As 12-year-olds we were extremely awkward. We didn’t know who we were, we didn’t know who we wanted to be and we didn’t know what the heck was going on with our peers. Someone was always crying – often over a failed relationship or an unrequited love affair.
It was like “90210” – except the boys we were crying over had braces and were about 4 feet tall.
Though we spent all three years of middle school obsessing about our crushes, we spent even more time hoping to avoid the drama that inevitably ensues when 400 mid-pubescent social climbers are thrown into a cafeteria together.
We’ve all been through that stage of life where our bodies are as confused as we are. We didn’t ask enough questions, we were self-involved and we took the world around us far too seriously.
I was the typical awkward, confused middle school student. I even had those moments where I hopped on the mean-girl bandwagon. Despite genuine efforts to be a good person, there were times when I failed.

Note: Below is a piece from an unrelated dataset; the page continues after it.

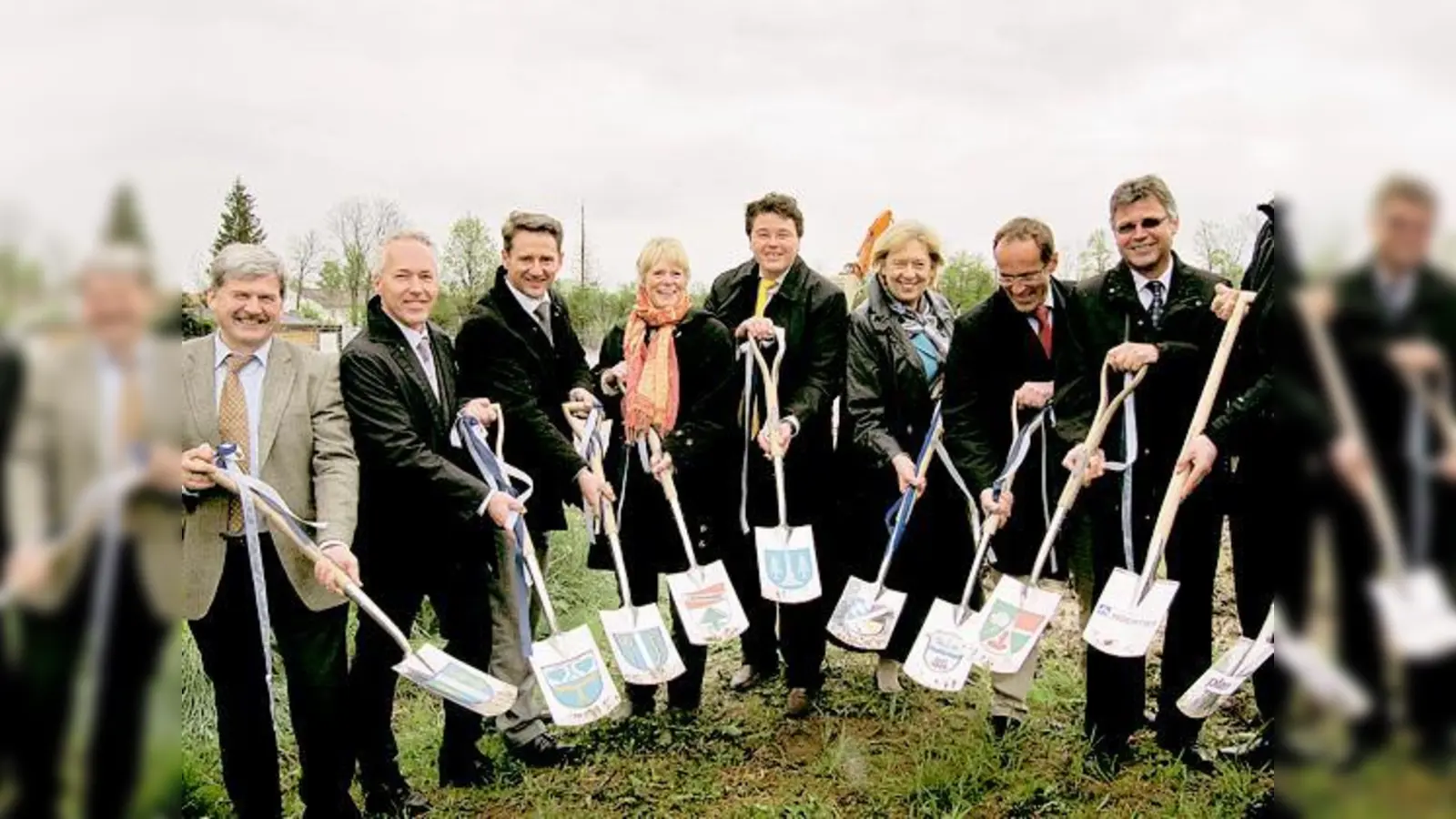 Bürgermeisterrunde beim Spatenstich zum neuen Gymnasium: Hans Eichler, Günter Heyland, Stefan Kern, Ursula Mayer, Thomas Loderer, Landrätin Johanna Rumschöttel, Stefan Straßmaier und Edwin Klostermeier. 	 (Foto: Woschée)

Looking back, there are a lot of things I could have done differently in the interest of being kind, but in comparison to many of my peers I was a sweetheart. Kids can be cruel, and the only solution for immature cruelness is maturing.
That’s why the trend of “empathy workshops” offered at middle schools across the country is silly. Kids will be immature and ignorant until life experiences teach them to change their ways.
David A. Levine, author of the book “Teaching Empathy,” runs workshops at middle schools where lessons are taught to students about empathy, kindness and inclusion.
The Parent Teacher Association at a middle school in Scarsdale, N.Y., spent $10,000 on empathy workshops with Levine. That money could be put toward so many more worthwhile expenses. Public schools are always asking for more funds and $10,000 is a frivolous use of taxpayers’ money for a program of questionable effect.
Administrators report these workshops have reduced the rate of disciplinary referrals – though it’s hard to believe students decided to be nicer to their peers after a workshop through which they were probably texting or sleeping.
Olivia Francis-Weber, principal of Public School 114 in the Bronx, told the New York Times that since the empathy training workshops, teachers are often sitting down with students and finding out what’s wrong before sending them off to the principal’s office.
So these workshops have a larger impact on the teachers than the students.
The New York Times made these workshops sound effective, revolutionary and philanthropic. But these students are still too immature to be influenced so heavily by a workshop.
It’s true that middle school would be a better place if the students wandering the halls were kind to one another. My 13-year-old sister would be a much happier camper.
But expensive workshops can’t cure immaturity. That’s time’s job.